TASK INSTRUCTIONS —
Your task is to repeat exactly the lines below between the line holding "Nike × Vintage" and the line holding "Nissan Qashqai Rear", inclusive, and only those.

INPUT —

BEGIN

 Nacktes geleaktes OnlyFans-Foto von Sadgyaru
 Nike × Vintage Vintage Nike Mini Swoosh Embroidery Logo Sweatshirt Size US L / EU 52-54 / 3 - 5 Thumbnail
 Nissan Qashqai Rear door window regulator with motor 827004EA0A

END
BEGIN

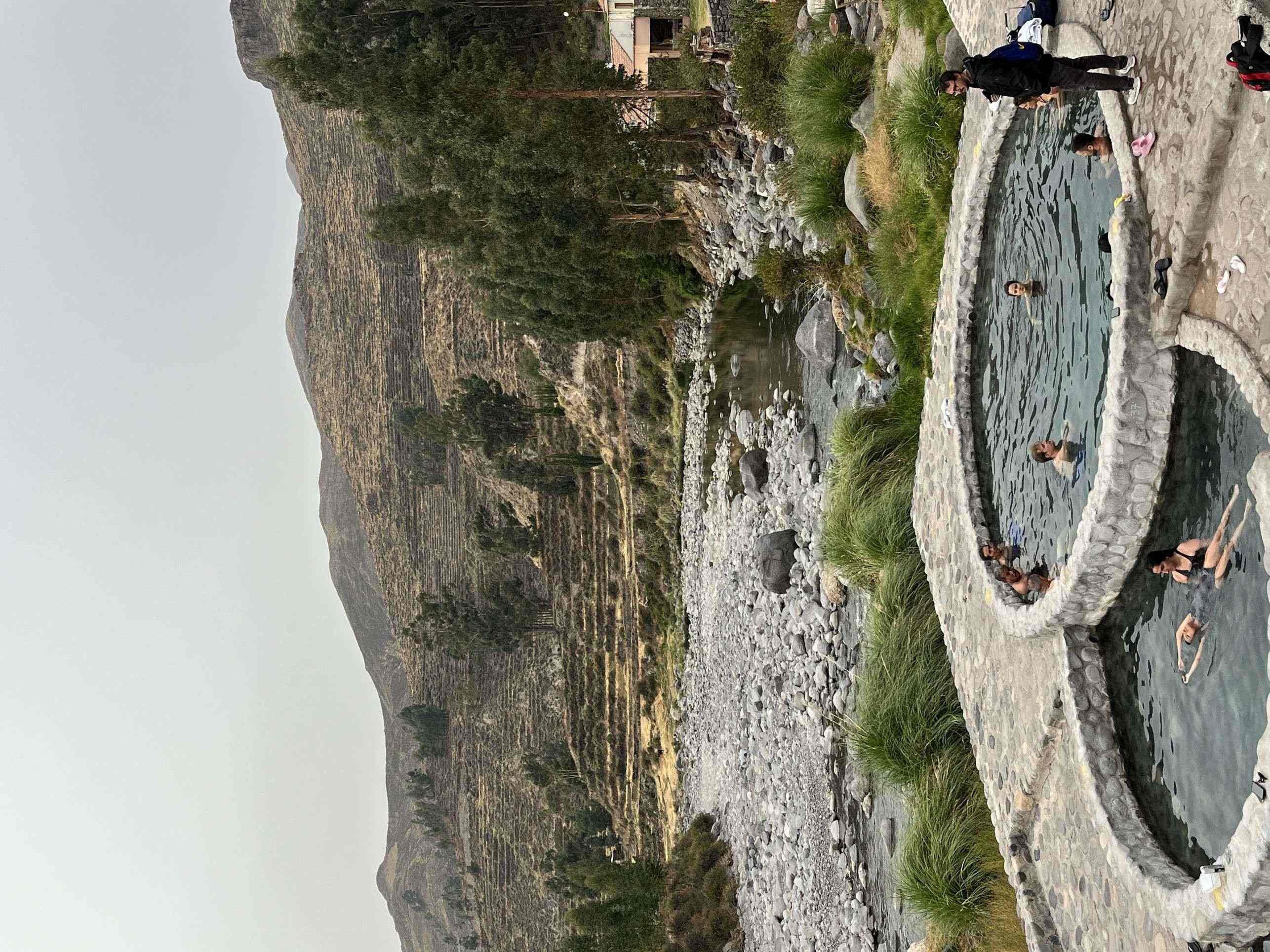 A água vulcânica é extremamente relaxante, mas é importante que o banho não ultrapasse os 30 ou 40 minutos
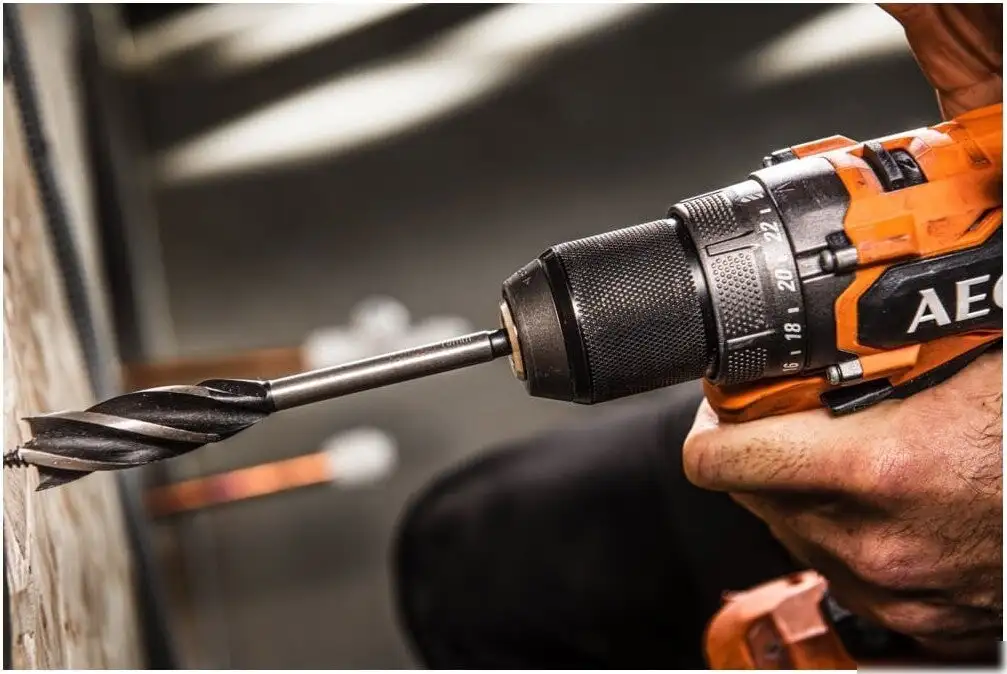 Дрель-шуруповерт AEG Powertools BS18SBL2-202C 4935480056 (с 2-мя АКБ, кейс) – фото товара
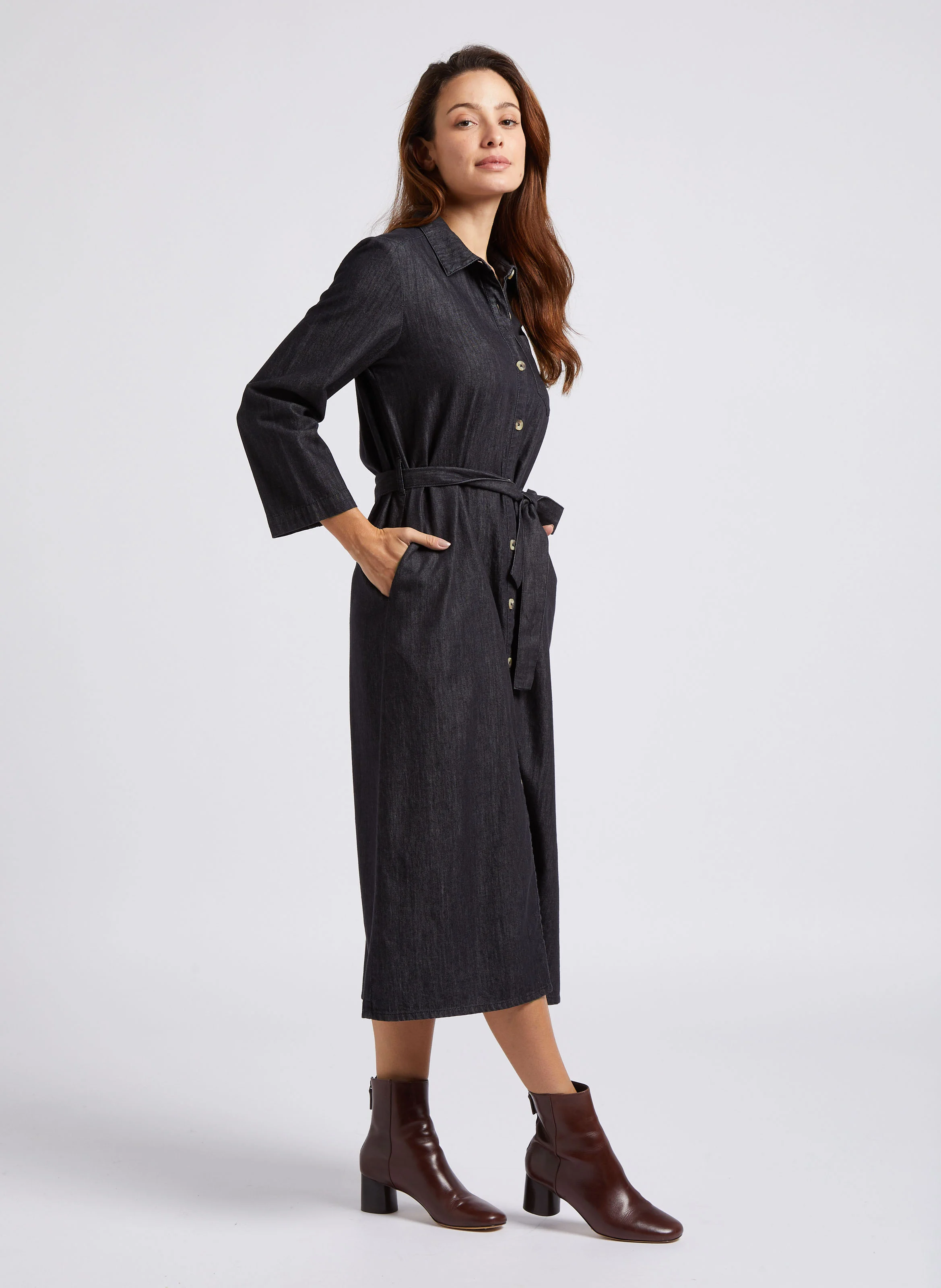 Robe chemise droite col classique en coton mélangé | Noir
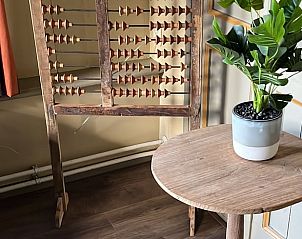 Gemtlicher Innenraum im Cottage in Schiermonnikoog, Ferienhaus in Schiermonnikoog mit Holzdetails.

END

RESPONSE TO THIS TASK —
 Nike × Vintage Vintage Nike Mini Swoosh Embroidery Logo Sweatshirt Size US L / EU 52-54 / 3 - 5 Thumbnail
 Nissan Qashqai Rear door window regulator with motor 827004EA0A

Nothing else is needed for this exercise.